Case ID: ohio-misc-2d_66/html/0085-01.html
Source: Caselaw Access Project
Author: {"author": "\n      Chakles F. Kurfess, Judge.", "license": "Public Domain", "url": "https://static.case.law/"}
Date Created: 2024-08-24T03:29:51.129683

HEFFLINGER, Appellant, v. WHITACRE TRUCKING, INC. et al., Appellees. 
    Court of Common Pleas of Ohio, Wood County.
    No. 93CV407.
    Decided June 22, 1994.
    
      
      Betty F. Coggin, for appellant Glenn E. Hefflinger.
    
      Paul S. Goldberg, for appellee Whitacre Trucking, Inc.
    
      Lee Fisher, Attorney General, and Virginia M. Wall, Assistant Attorney General, for appellee Ohio Bureau of Employment Services.
   Chakles F. Kurfess, Judge.

This matter comes before the court on an appeal from the Unemployment Compensation Board of Review filed January 20, 1994, and memoranda in support and opposition thereto.

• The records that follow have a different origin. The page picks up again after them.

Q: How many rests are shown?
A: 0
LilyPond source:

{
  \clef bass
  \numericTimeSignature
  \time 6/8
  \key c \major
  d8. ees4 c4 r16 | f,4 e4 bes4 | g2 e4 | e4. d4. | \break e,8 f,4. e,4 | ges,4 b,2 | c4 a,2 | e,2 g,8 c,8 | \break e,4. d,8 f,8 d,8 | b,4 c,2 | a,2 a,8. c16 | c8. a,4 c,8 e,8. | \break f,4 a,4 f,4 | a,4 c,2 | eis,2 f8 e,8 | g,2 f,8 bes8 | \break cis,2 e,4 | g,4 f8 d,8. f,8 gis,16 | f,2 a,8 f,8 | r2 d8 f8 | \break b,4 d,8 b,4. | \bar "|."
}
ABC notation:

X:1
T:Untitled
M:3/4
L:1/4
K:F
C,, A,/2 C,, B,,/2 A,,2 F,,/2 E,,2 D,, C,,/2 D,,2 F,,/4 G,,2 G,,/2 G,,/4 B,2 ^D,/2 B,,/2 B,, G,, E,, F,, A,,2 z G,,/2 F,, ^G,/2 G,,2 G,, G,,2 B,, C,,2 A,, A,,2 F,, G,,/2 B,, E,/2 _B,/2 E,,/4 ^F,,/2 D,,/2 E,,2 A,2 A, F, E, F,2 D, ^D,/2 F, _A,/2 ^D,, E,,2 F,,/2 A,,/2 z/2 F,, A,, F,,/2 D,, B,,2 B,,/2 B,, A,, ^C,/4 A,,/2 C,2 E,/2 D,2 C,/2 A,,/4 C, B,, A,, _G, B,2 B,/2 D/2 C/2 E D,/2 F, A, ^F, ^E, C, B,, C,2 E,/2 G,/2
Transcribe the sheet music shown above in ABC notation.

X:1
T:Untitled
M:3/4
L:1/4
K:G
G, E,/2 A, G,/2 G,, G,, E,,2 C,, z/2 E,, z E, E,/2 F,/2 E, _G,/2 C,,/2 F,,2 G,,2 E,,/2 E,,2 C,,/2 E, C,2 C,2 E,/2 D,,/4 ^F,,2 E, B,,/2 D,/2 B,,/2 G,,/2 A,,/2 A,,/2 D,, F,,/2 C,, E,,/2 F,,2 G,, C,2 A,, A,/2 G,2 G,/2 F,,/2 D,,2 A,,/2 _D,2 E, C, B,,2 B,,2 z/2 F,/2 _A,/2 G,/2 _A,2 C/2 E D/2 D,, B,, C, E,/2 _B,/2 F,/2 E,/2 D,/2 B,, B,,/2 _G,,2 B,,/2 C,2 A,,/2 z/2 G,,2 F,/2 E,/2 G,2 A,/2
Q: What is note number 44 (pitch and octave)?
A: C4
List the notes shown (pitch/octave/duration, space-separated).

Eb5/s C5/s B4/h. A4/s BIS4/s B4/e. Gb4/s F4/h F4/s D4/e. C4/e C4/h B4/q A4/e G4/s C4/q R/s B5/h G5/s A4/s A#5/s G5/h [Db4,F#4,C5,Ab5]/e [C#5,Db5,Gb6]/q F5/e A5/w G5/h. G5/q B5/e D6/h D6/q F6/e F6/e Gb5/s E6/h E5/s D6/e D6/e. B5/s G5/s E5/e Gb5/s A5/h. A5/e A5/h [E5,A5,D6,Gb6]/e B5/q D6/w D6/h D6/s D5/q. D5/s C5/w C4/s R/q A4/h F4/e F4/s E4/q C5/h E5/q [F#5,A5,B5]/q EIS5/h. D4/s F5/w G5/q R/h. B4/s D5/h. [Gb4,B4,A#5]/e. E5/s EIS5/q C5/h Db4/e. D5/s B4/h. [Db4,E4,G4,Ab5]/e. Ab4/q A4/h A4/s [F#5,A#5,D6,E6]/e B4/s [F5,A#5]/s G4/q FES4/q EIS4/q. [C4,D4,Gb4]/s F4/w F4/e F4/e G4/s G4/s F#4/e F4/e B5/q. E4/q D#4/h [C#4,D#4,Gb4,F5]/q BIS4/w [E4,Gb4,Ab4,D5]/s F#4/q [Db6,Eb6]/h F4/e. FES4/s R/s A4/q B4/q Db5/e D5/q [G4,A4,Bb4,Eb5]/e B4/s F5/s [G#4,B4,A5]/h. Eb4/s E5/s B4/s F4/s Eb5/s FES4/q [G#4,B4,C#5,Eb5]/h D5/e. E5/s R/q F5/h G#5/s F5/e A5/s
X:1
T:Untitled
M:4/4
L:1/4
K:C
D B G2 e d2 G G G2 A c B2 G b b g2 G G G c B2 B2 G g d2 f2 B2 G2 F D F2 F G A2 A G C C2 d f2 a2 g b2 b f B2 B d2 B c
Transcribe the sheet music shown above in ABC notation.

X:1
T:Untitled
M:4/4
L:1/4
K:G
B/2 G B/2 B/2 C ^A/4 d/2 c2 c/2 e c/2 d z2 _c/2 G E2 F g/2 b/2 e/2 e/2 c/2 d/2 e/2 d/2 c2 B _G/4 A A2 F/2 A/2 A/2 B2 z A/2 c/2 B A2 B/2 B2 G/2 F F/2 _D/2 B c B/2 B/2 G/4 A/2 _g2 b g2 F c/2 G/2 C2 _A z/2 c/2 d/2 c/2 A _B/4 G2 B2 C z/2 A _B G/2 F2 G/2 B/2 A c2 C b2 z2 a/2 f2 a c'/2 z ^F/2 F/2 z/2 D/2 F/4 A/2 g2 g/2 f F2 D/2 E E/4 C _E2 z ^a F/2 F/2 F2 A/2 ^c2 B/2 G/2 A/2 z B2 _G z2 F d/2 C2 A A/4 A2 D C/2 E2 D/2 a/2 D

The facts of this matter arise out of the discharge of appellant Glenn E. Hefflinger from his employment with appellee Whitacre Trucking, Inc. as a truck driver on October 16, 1992. Appellee discharged appellant upon appellee’s insurance carrier’s notification that appellant was no longer insurable due to an accumulation of traffic violation points on his record. Specifically, appellant had “seven activities and five points within three (3) years on his motor vehicle record (MVR) from the Ohio Bureau of Motor Vehicles.”

Following his discharge, appellant applied for unemployment compensation benefits, which were denied on the basis that he was discharged by his employer “for just cause in connection with the work.” Appellant then appealed to the Administrator of the Ohio Bureau of Employment Services, who reconsidered the denial and found that his discharge was “under nondisqualifying conditions” and allowed his claim. Appellee then appealed that decision to the Unemployment Compensation Board of Review, where a hearing was held, following which a referee’s report was issued that found that appellant’s discharge was for “just cause” in connection with his work and therefore disallowed his claim for unemployment compensation benefits. Appellant then filed an application to institute a further appeal before the board of review, which was denied. Subsequently, appellant appealed to this court.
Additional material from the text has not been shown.